■ **WHAT THIS TASK INVOLVES**
Would you transcribe the entries below, beginning at the line with "Create purchase invoice in Retailgraph." and ending after the line with "Fluke 35040 manual", exactly, with no picture and nothing more?

■ **TASK MATERIAL**
______

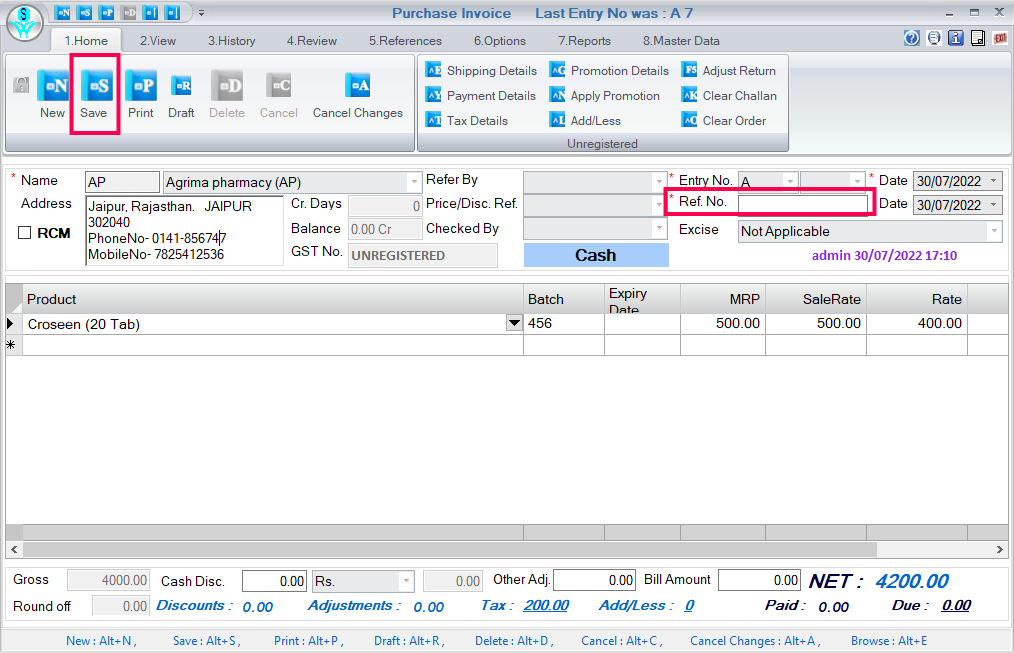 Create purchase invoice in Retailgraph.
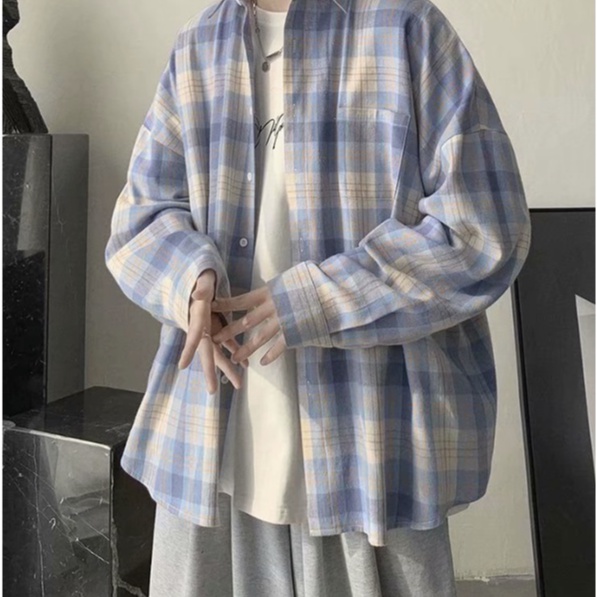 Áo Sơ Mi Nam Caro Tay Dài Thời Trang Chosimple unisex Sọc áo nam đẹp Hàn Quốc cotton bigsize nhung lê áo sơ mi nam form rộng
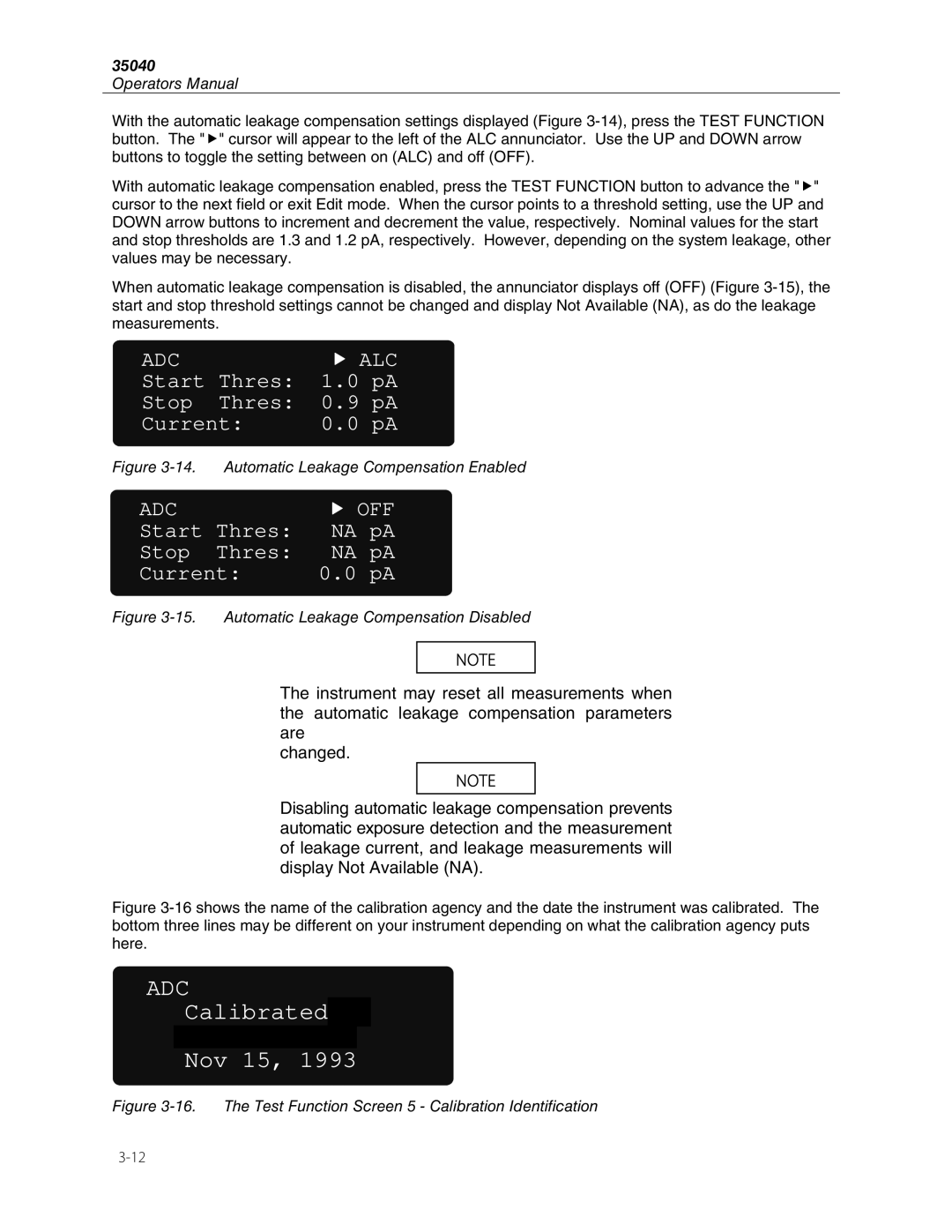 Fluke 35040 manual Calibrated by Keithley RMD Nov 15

______

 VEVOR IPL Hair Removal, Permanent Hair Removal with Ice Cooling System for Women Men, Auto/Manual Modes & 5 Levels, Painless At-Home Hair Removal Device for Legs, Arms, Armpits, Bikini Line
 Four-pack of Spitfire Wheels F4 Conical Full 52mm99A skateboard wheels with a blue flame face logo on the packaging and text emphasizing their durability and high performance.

______

■ **RESULT OF THIS TASK**
 Create purchase invoice in Retailgraph.
 Áo Sơ Mi Nam Caro Tay Dài Thời Trang Chosimple unisex Sọc áo nam đẹp Hàn Quốc cotton bigsize nhung lê áo sơ mi nam form rộng
 Fluke 35040 manual Calibrated by Keithley RMD Nov 15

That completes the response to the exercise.